Yep flush all the stuff out with some hot water. Then fill with a few litres of hot water and PBW. Close it up shake, invert and depress the poppets with a small screwdriver and let some come up both tubes a few times. Open the PRV let some come out that too. Store up side down. Repeat the process with starsan, then discharge the starsan with Co2 through a tap. Clean, sanitised purged keg ready for packaging.




schooey said:


> If you we're going to ferment in one, you'd take the dip tube and d/cs out and use one hole for your blow off tube and the other you'd just block up with a enclosure blank


No reason you couldn't keep them in if you were sanitary. Another way could be to take the beer out dip tube out, then when packaging unscrew the post, then re-insert it for packaging.


----------



## ledgenko (10/6/11)

So using a conical keg (SS) for a fermentor ... do you have a picture of the tap system ?? I have few Kegs I have either found on building site close by home (yay) and one given to me at xmas time .. I originally purchased a very old one from a dodgy demolition warehouse in SE QLD which Iop out of cut the top out of with the view of using it as a Kettle but never got around to putting a tap onto it... but would be a tops fermentor if this would increase my brew size .. currently working with 5 plastic fermentors .. been a while since I had them all going .. bloddy work !!!


----------



## goomboogo (11/6/11)

Ledgenko, I don't think anyone is considering any sort of conversion to make the keg a conical. And I don't think there would be a tap installed either. Argon's idea is to move liquid from the fermenter keg, under co2 pressure, up through the dip tube through a filter and into another keg. The beer will then be carbonated and served from this keg. Argon will correct me if that's wrong but that's the way I read it.
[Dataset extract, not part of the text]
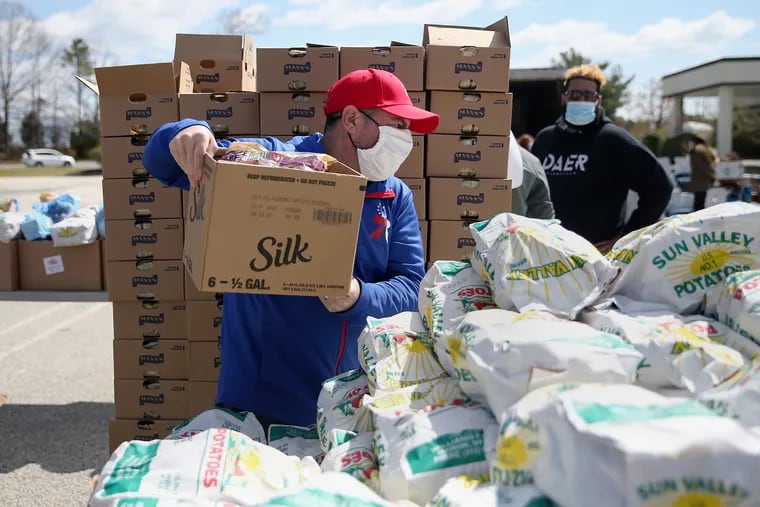 Joe Giacomo helps package items during a food distribution for casino workers at Harbor Square in Egg Harbor Township, N.J., on Wednesday, April 22, 2020. Hundreds of cars lined up to receive food at the event, which was organized by Unite Here Local 54 and the Community Food Bank of New Jersey.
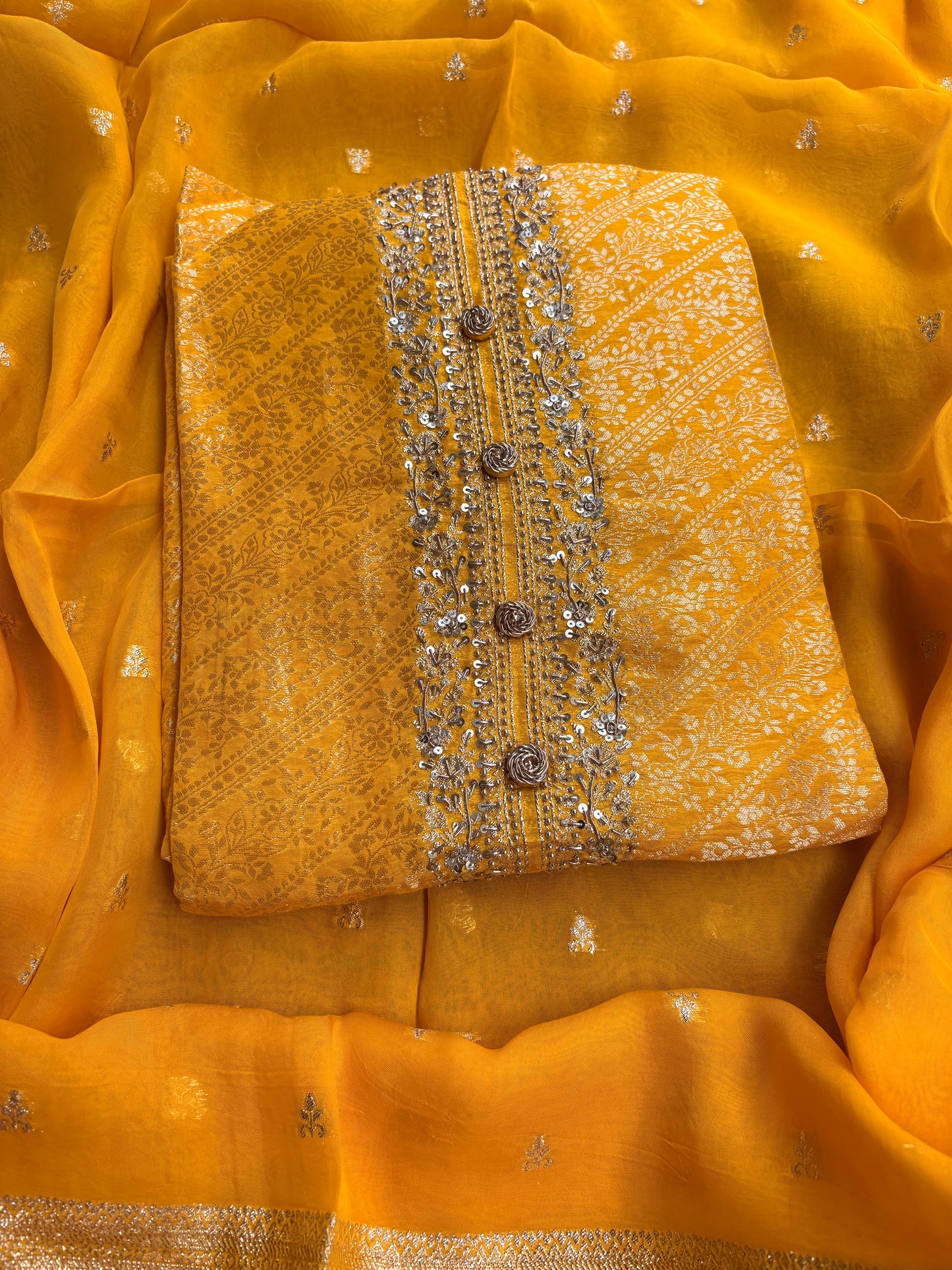 Yellow silk hand embroidered suit set.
Argon, as Schooey said, these kegs are still around just nowhere near as much as they used to be. I used one when my keg fridge was a normal upright fridge. I purchased a Kegmate unit about 2 years ago and the 23 litre keg was too tall. I sold the fridge, 23 litre keg, gas reg, 2 side basher taps and drip tray for $300. It sold the first weekend it was for sale. So I guess it's just a matter of keeping an eye out and you may get lucky. If you ever do this can you let us know how it all works out because it sounds like a good idea. I'm just wondering whether you would alter the dip tube in some way to avoid any potential problems with trub.


----------